Julián Castro, one of 10 Democrats during the first night of the Miami debates, pointed the finger at what he said was a Trump administration policy. Castro said that if he was president, he would sign an executive order to get rid of controversial immigration policies under Trump, including one he described as "metering."
"This metering policy is basically what prompted Óscar and Valeria to make that risky swim across the river," said Castro, a former San Antonio mayor and Obama administration official. "Óscar and Valeria went to a port of entry, and then they were denied the ability to make an asylum claim, so they got frustrated and they tried to cross the river, and they died because of that."
U.S. Customs and Border Protection uses "metering" as a way to manage the flow of people seeking entry at official ports of entry — capping the daily number of asylum applications received at official border crossings.
We can’t know for certain whether Martínez Ramírez heard about metering or any other policies, so we aren’t rating Castro’s statement on the Truth-O-Meter. But it doesn’t seem far-fetched: Metering may lead migrants to cross the border illegally, according to experts and government investigators.
"It creates a huge incentive for migrants to cross the border between ports of entry in an unauthorized manner, step on U.S. soil, and then make what is known as a ‘defensive’ asylum claim," said Christopher Wilson, deputy director of the Mexico Institute at the Wilson Center.
News reports state that Martínez Ramírez, 25, died as he tried to bring his 23-month-old daughter to the United States along with his wife, Tania Vanessa Ávalos. La Jornada, a Mexican newspaper, reported that Tania said the family for two months had been staying at a migrant camp awaiting an appointment to ask for asylum in the United States. La Jornada also reported that the family had a humanitarian visa from Mexico.
ElSalvador.com reported that the couple told their family that the situation in Mexico was becoming difficult based on Trump’s pressure on Mexican officials to stem the flow of illegal immigration to the United States. Given the extended wait in Mexico and worried about Trump’s pressure on Mexico, the couple decided to cross the river.
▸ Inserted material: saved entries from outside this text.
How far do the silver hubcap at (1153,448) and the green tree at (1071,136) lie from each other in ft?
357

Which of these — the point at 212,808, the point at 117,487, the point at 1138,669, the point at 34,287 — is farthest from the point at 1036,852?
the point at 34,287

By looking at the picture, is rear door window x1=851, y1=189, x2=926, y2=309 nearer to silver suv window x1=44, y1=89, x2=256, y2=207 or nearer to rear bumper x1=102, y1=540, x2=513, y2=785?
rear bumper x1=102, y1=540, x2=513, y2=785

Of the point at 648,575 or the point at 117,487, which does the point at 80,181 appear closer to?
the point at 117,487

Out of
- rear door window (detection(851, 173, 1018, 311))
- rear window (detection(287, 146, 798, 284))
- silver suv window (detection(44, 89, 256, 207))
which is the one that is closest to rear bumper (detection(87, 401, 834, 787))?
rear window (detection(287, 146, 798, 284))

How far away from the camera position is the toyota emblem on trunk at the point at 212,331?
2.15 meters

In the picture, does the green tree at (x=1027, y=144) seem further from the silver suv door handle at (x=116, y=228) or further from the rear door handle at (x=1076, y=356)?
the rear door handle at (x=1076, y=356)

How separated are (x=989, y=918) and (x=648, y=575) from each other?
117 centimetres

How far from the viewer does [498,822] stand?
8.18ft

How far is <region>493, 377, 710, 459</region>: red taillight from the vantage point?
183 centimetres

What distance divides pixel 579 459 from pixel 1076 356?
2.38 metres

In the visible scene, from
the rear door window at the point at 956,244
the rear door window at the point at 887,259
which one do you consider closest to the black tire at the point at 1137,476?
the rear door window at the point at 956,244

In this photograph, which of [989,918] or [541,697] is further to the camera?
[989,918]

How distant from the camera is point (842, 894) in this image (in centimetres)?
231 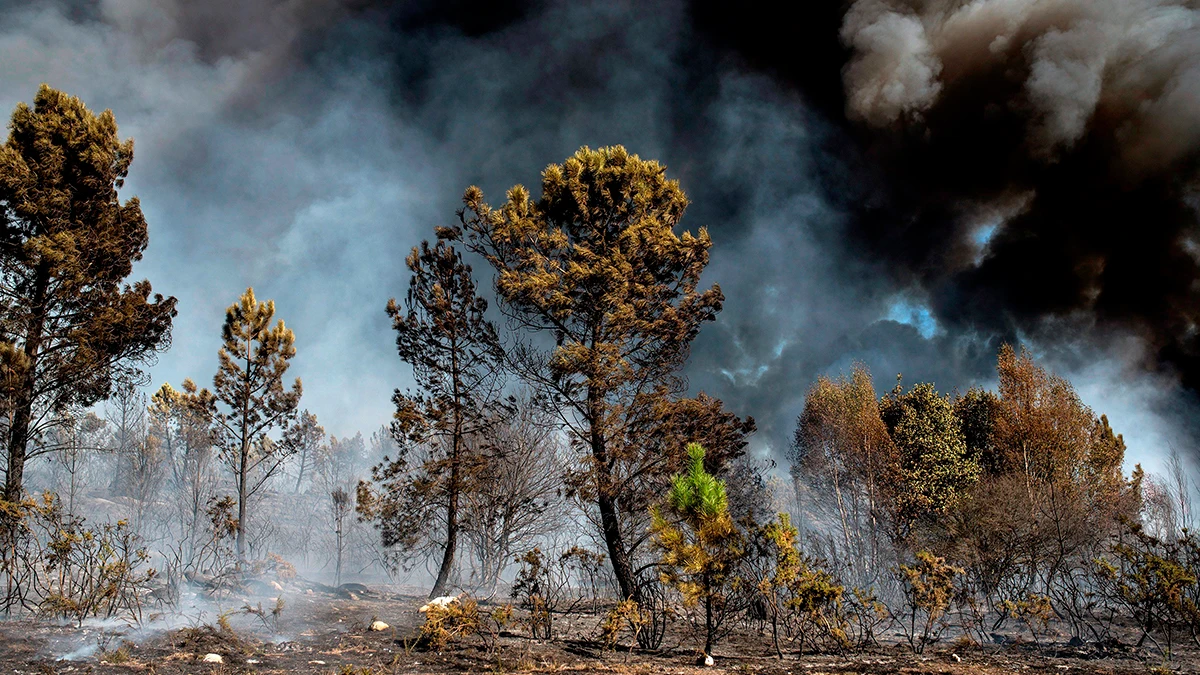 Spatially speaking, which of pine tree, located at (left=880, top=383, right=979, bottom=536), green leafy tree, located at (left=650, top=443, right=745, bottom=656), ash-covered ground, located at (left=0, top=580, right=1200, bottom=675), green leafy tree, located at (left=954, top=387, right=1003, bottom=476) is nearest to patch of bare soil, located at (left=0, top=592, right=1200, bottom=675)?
ash-covered ground, located at (left=0, top=580, right=1200, bottom=675)

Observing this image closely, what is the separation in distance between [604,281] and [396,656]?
26.5ft

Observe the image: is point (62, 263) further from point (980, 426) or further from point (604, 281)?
point (980, 426)

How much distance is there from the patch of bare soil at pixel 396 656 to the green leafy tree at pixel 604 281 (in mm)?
4415

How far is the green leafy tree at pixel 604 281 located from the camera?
12.5m

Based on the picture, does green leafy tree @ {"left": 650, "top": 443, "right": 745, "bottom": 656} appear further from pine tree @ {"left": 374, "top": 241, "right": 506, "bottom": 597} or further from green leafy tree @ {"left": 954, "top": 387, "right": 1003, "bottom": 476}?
green leafy tree @ {"left": 954, "top": 387, "right": 1003, "bottom": 476}

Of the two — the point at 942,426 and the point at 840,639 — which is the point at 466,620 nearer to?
the point at 840,639

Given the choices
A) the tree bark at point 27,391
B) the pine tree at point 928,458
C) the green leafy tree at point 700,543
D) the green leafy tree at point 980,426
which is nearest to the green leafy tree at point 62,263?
the tree bark at point 27,391

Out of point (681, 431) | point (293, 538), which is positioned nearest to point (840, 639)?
point (681, 431)

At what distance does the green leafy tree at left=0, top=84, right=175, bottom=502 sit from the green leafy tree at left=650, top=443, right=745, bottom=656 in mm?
11772

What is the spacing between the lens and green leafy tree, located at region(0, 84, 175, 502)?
11.4 meters

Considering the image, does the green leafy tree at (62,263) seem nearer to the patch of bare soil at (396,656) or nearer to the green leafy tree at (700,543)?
the patch of bare soil at (396,656)

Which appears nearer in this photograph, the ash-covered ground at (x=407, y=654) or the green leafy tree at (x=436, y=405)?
the ash-covered ground at (x=407, y=654)

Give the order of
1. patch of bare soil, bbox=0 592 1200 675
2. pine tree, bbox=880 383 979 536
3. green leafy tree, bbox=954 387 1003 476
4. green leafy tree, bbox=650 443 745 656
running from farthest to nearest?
green leafy tree, bbox=954 387 1003 476, pine tree, bbox=880 383 979 536, green leafy tree, bbox=650 443 745 656, patch of bare soil, bbox=0 592 1200 675

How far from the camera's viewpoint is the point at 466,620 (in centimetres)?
770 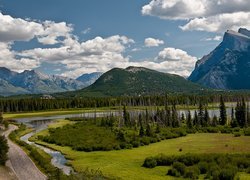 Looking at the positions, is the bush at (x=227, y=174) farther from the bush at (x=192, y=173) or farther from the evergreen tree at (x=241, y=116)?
the evergreen tree at (x=241, y=116)

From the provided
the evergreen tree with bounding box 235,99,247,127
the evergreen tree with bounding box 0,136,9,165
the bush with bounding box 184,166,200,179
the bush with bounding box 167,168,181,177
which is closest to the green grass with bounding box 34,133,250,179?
the bush with bounding box 167,168,181,177

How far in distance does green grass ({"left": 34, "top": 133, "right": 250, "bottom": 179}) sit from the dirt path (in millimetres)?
8415

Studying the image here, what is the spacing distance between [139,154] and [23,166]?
27174mm

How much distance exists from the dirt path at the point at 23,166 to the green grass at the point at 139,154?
8415 millimetres

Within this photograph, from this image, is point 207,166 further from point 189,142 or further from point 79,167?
point 189,142

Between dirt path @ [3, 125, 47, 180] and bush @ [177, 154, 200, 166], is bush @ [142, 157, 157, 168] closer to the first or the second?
bush @ [177, 154, 200, 166]

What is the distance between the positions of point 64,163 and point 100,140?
31445 mm

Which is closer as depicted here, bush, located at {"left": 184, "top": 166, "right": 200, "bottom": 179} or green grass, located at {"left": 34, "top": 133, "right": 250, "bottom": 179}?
bush, located at {"left": 184, "top": 166, "right": 200, "bottom": 179}

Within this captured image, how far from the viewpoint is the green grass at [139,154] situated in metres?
68.8

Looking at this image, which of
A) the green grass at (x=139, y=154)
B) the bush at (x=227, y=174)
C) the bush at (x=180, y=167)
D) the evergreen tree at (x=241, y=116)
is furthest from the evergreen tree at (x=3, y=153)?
the evergreen tree at (x=241, y=116)

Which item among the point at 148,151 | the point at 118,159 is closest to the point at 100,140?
the point at 148,151

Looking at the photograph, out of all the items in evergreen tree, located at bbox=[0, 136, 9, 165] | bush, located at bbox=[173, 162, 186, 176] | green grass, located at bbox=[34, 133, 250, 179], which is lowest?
green grass, located at bbox=[34, 133, 250, 179]

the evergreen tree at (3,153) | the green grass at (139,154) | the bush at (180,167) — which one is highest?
the evergreen tree at (3,153)

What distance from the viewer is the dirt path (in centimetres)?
6851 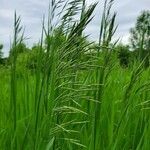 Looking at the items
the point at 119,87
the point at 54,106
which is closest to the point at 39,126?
the point at 54,106

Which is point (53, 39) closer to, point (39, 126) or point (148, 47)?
point (39, 126)

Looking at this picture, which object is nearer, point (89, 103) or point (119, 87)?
point (89, 103)

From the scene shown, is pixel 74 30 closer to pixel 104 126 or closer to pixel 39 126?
pixel 39 126

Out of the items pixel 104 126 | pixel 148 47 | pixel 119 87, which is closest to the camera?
pixel 148 47

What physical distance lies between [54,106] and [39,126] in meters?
0.09

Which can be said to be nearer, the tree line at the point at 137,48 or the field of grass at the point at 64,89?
the field of grass at the point at 64,89

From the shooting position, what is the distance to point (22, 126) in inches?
68.8

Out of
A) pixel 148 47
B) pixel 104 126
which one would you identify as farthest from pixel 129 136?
pixel 148 47

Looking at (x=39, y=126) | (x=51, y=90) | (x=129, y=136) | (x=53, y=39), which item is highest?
(x=53, y=39)

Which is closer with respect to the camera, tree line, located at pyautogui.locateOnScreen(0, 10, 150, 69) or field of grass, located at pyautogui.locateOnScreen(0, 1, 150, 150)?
field of grass, located at pyautogui.locateOnScreen(0, 1, 150, 150)

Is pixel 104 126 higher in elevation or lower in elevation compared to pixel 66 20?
lower

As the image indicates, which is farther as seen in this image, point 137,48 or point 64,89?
point 137,48

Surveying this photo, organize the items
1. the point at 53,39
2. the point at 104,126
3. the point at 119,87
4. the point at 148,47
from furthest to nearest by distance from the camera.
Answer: the point at 119,87
the point at 104,126
the point at 148,47
the point at 53,39

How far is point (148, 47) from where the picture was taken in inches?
67.0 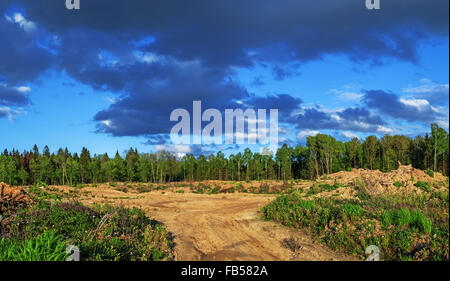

We do not have official U.S. government confirmation that the family presented themselves at a port of entry and were turned away because of metering.
"There may not be tangible proof that metering directly caused them to attempt to swim across the Rio Grande, but it is hard to imagine a father making that decision if he could simply walk across the bridge and present himself and his daughter before U.S. officials," said Wilson, the expert from the Wilson Center.
A CBP spokesman didn’t provide any evidence about Martínez Ramirez, but said the agency has to manage lines when ports of entry reach capacity.
With the Trump administration’s zero-tolerance policy in effect, government officials have still publicly encouraged asylum seekers to enter the United States legally through a port of entry to avoid prosecution and family separations. However, at the same time, Customs and Border Protection is regulating the flow of asylum seekers at ports of entry through "metering." A version of the practice has been used at least as far back as 2016, during the Obama administration, according to a September 2018 report from the Office of Inspector General within the Department of Homeland Security.
When metering, Customs and Border Protection officers stand at the international line in the middle of the foot bridges, the report said, and officers only allow asylum seekers to cross the line if space is available.
"While the stated intentions behind metering may be reasonable, the practice may have unintended consequences," the report stated. "For instance, (Office of Inspector General) saw evidence that limiting the volume of asylum-seekers entering at ports of entry leads some aliens who would otherwise seek legal entry into the United States to cross the border illegally."
The Southern Poverty Law Center and other plaintiffs filed a federal lawsuit in 2017 challenging the metering policy. Melissa Crow, a lead co-counsel, said the policy started in 2016 and ramped up considerably under the Trump administration. The lawsuit remains pending.
A May 2019 study from immigration experts suggests there are more than 18,700 asylum seekers waiting in Mexico border cities. One of the report’s researchers, Stephanie Leutert of the University of Texas, told PolitiFact more specifically that there are around 1,000 people waiting to cross the bridge where Martínez Ramírez was waiting.
A few weeks ago the National Migration Institute, which manages the list in Mexico, made the list private. That has prompted stress for migrants, because they can no longer see their place in line.
"That caused a lot of desperation among migrants," Leutert said.